» WHAT YOU NEED TO DO
Set the pictures aside and write down, exactly as they appear, the lines from the one containing "thumbnail image 4" through the end of the material.

» RAW DATA
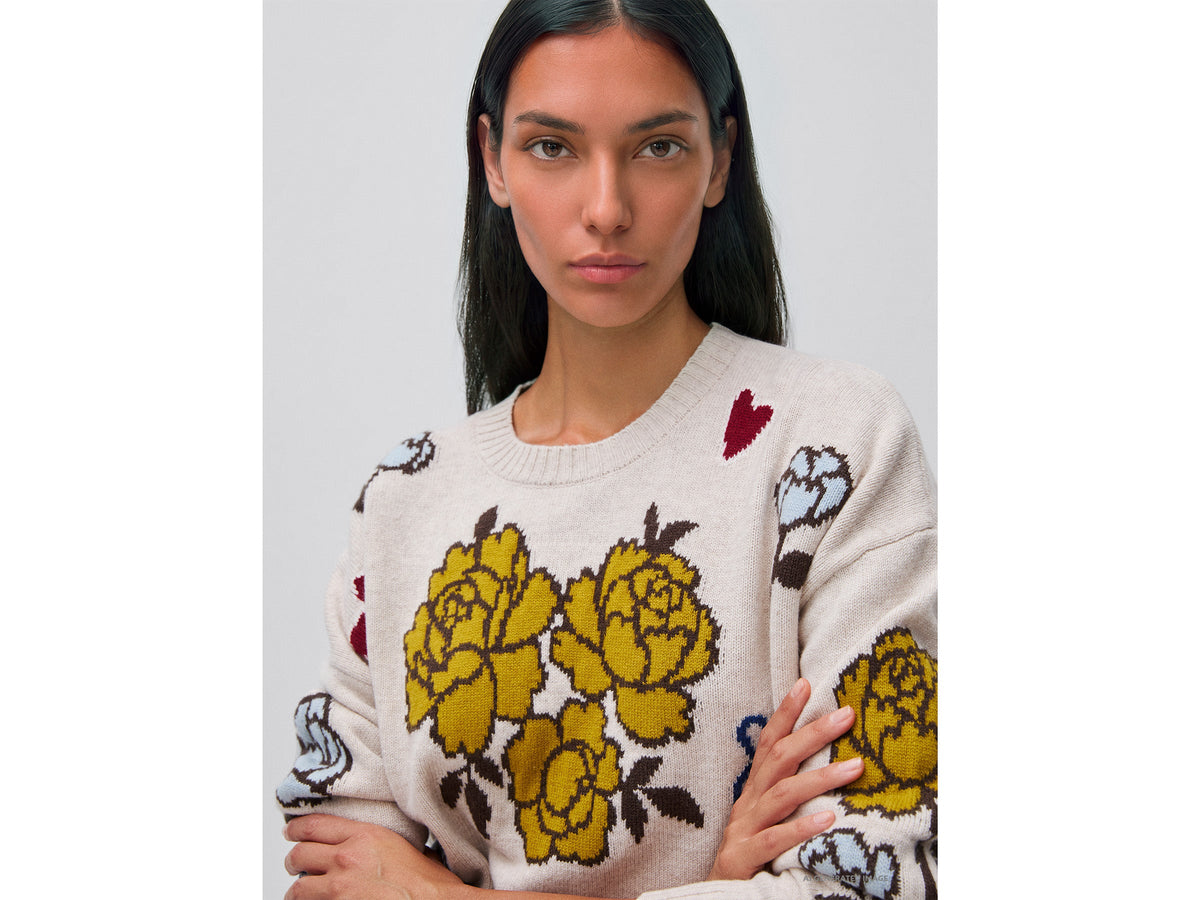 Maglia 100% lana con intarsio floreale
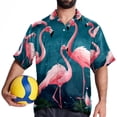 thumbnail image 4 of Flamingo Tropical Rainforest Men's Short Sleeve Casual Printed Button Down Beach Shirts, 4 of 6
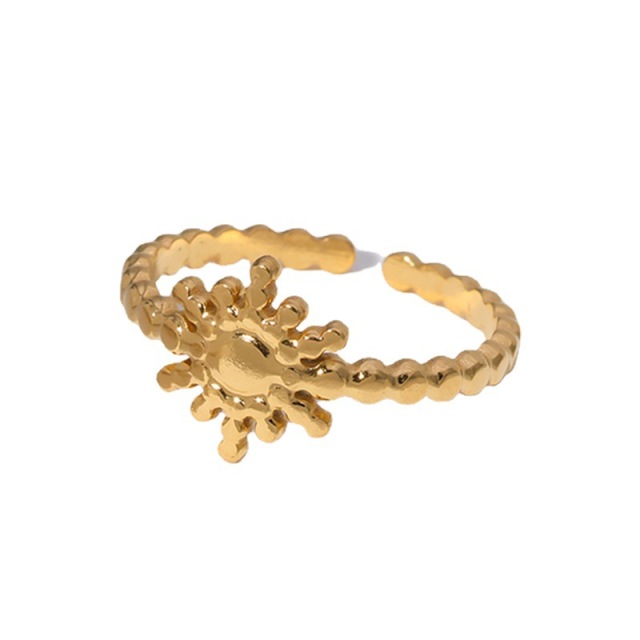 18K Gold Plated Stainless Steel Bead Sun Adjustable Ring / Bague réglable en acier inoxydable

» SOLUTION TO THIS PROBLEM
 thumbnail image 4 of Flamingo Tropical Rainforest Men's Short Sleeve Casual Printed Button Down Beach Shirts, 4 of 6
 18K Gold Plated Stainless Steel Bead Sun Adjustable Ring / Bague réglable en acier inoxydable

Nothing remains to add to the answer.